Although mucin-type O-glycosylation has not been described in plants [66], a report showed that protein subpopulations from alcohol-extracted rice grains were recognized by biotinylated VVL and PNA, suggesting that mucin-type O-glycosylation was present in rice [67]. A recombinant human GM-CSF derived from suspension-cultured rice cells showed various O-glycans attached to three O-glycosylation sites [68]. In the present study, the observations of rpLF with VVL and PNA blotting suggested that mucin-type O-glycosylation was present in rice and could imply that rice grains have the machinery to perform GalNAc O-glycosylation.

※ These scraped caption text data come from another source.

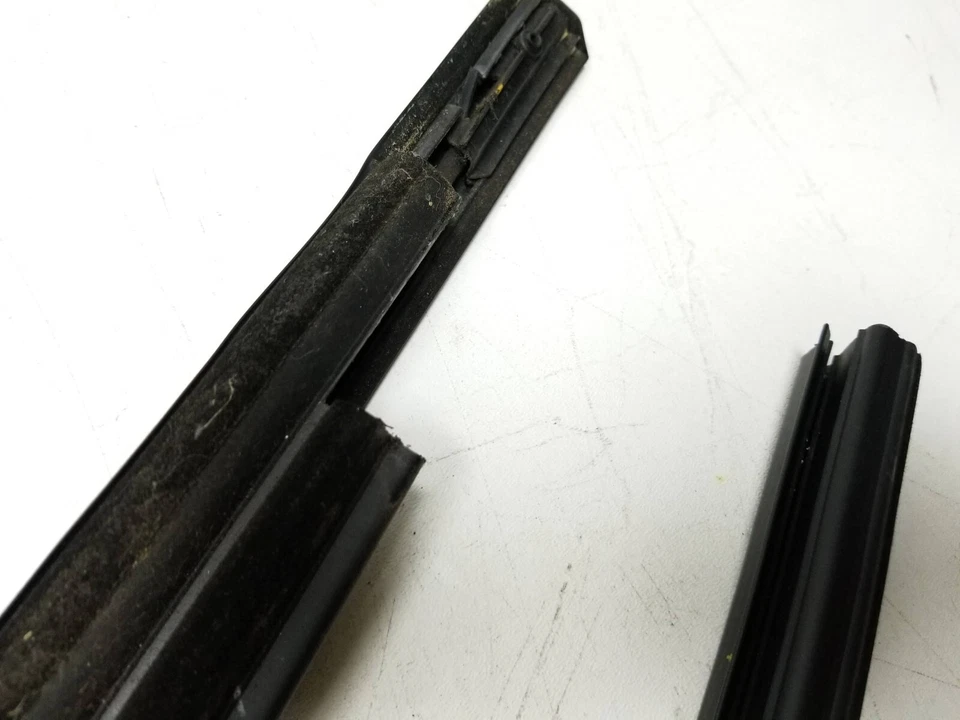 11-14 Chrysler 200 Sedan Window Belt Seal Rear Driver Side Left 2Pcs OEM - Image 2 of 4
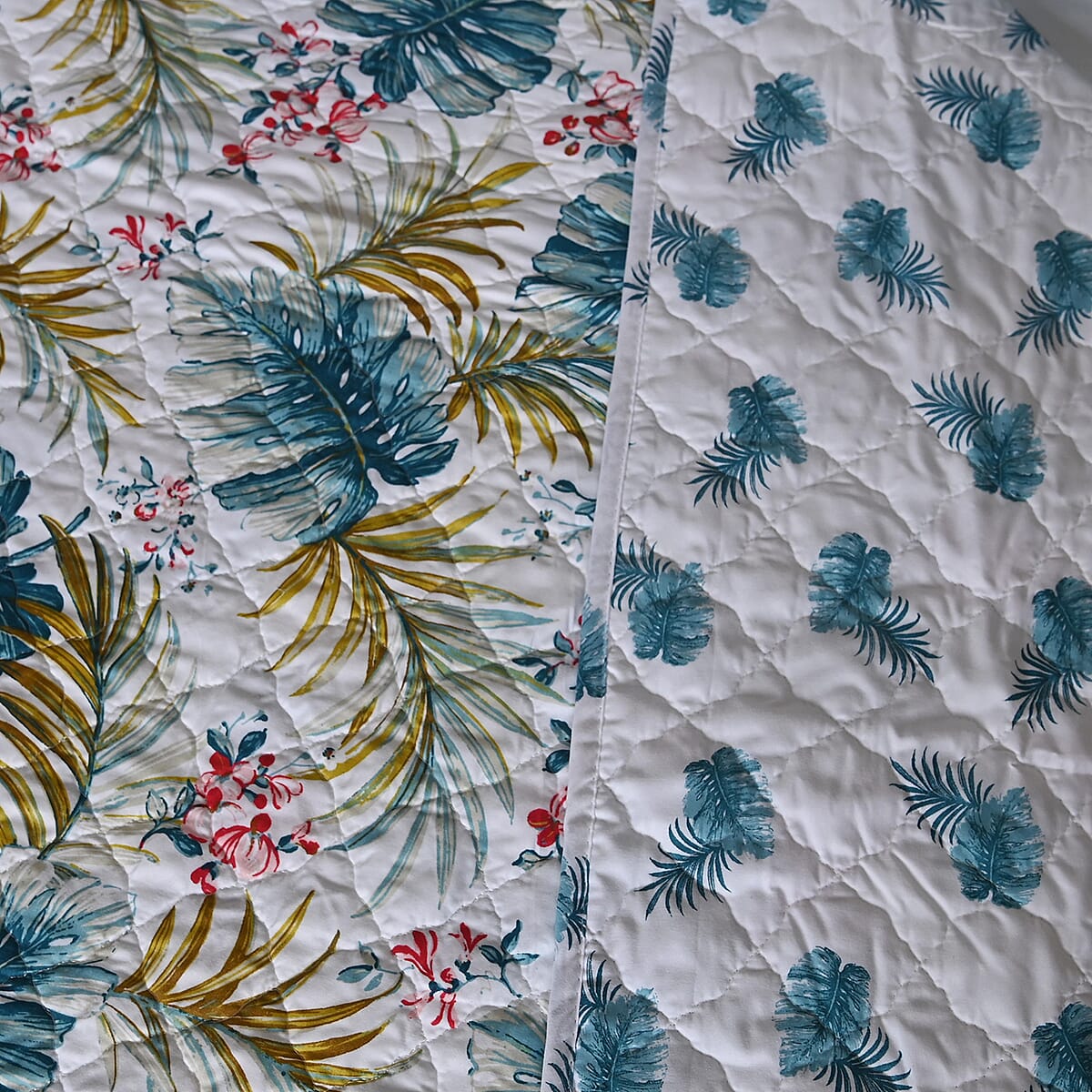 Closeout SEASIDE VILLA 3pc White and Green Leaf Disperse Print Quilt Set - (King) image number 2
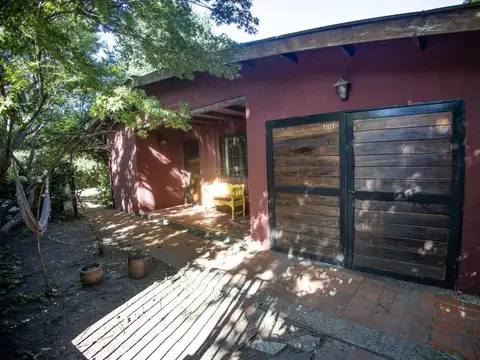 Casa 6 ambientes con 2 baños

However, since the detection of O-linked glycoprotein by VVL and PNA staining methods was indirect, the observations could be possible artifacts. Confirming whether rpLF contains mucin-type O-glycans and whether rice grain possesses machinery to perform GalNAc O-glycosylation will require further investigation.

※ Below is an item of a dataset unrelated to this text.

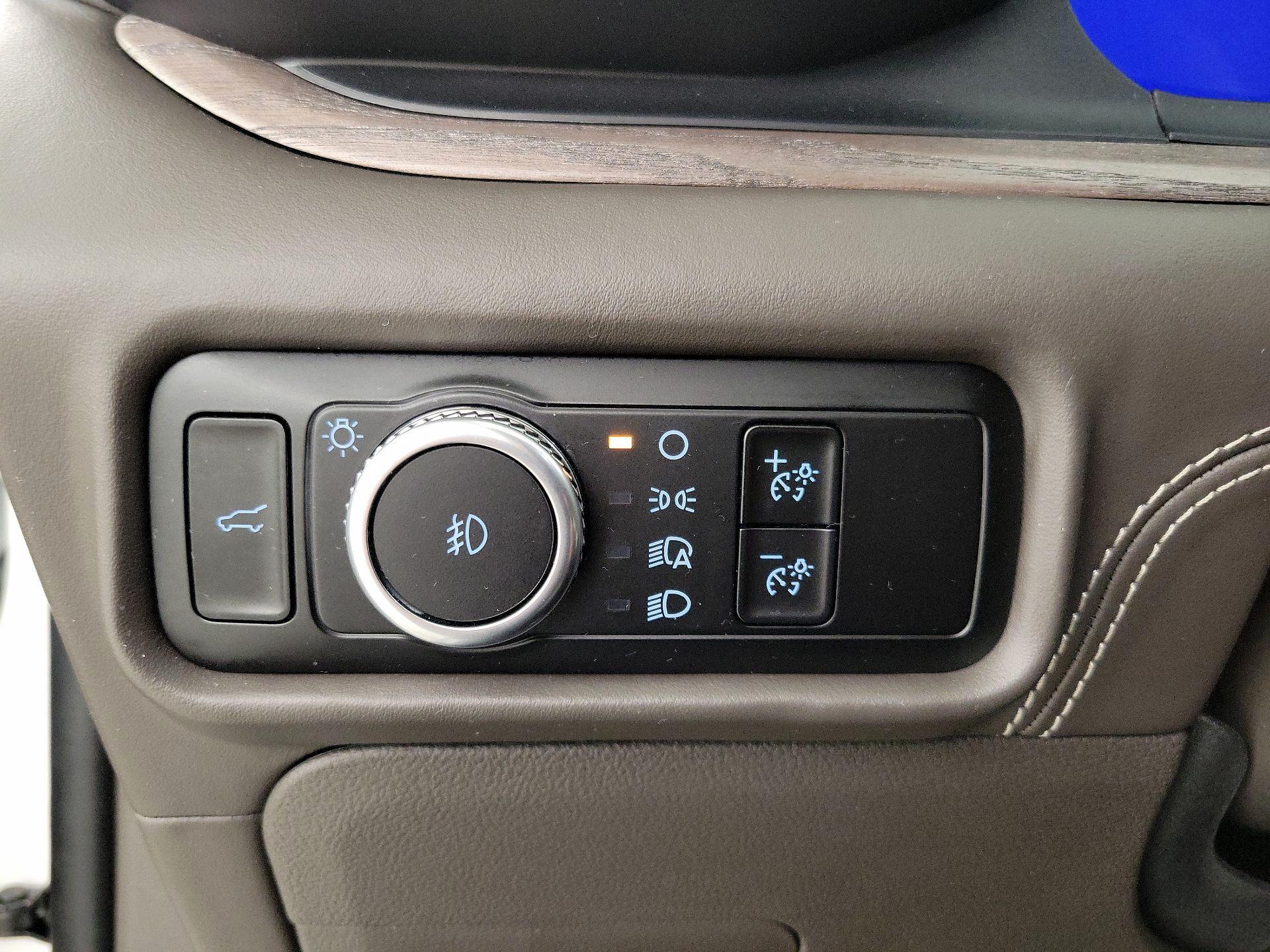 Thumbnail: 2023 Ford Explorer - 13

Although LFs from different animal sources, such as humans [48], bovines [45-47] and camels [49], displayed antioxidant activity, whether recombinant LF produced from transgenic plants also retains antioxidant activity has not yet been fully demonstrated. In the present study, the Trolox equivalent antioxidant capacity, DPPH free radical scavenging capacity, ferrous iron chelating capacity and reducing the power of rpLF were analyzed. The reducing DPPH radical-scavenging activity of purified rpLF was compared to that of bLF and BHT. rpLF showed the same radical-scavenging activity as bLF while possessing approximately 49% of the antioxidant properties of BHT. Further experimentation also showed that rpLF had a nearly equivalent capacity to bLF in terms of reducing power, iron chelating activity and lipid peroxidase activity.

The present study therefore infer that rpLF produced from transgenic rice can be considered as containing equivalent antioxidant activity as bovine LF and recognized as a plant-based antioxidant to be used as a functional additive in animal feed and for the food industry.